A natural variability in the proline-rich motif of Nef modulates HIV-1 replication in primary T cells

Oliver T. Fackler, Dietlinde Wolf, H. Oliver Weber, Bernd Laffert, Paola D'Aloja, Beatrice Schuler-Thurner, Rebeca Geffin, Kalle Saksela, Matthias Geyer, B. Matija Peterlin, Gerold Schuler, Andreas S. Baur

Research output: Contribution to journalArticlepeer-review

44 Scopus citations


In the infected host, the Nef protein of HIV/SIV is required for high viral loads and thus disease progression [1-3]. Recent evidence indicates that Nef enhances replication in the T cell compartment after the virus is transmitted from dendritic cells (DC) [4]. The underlying mechanism, however, is not clear.

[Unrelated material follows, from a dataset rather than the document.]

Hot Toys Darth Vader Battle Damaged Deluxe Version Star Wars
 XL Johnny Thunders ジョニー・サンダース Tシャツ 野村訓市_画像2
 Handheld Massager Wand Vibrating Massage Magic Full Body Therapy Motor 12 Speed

Here, we report that a natural variability in the proline-rich motif (R71T) profoundly modulated Nef-stimulated viral replication in primary T cells of immature dendritic cell/T cell cocultures. Whereas both Nef variants (R/T-Nef) downregulated CD4, only the isoform supporting viral replication (R-Nef) efficiently interacted with signaling molecules of the T cell receptor (TCR) environment and stimulated cellular activation. Structural analysis suggested that the R to T conversion induces conformational changes, altering the flexibility of the loop containing the PxxP motif and hence its ability to bind cellular partners. Our report suggests that functionally and conformationally distinct Nef isoforms modulate HIV replication on the interaction level with the TCR-signaling environment once the virus enters the T cell compartment.

Original languageEnglish (US)
Pages (from-to)1294-1299
Number of pages6
JournalCurrent Biology
Issue number16
StatePublished - Aug 21 2001
Externally publishedYes

ASJC Scopus subject areas

  • Biochemistry, Genetics and Molecular Biology(all)
  • Agricultural and Biological Sciences(all)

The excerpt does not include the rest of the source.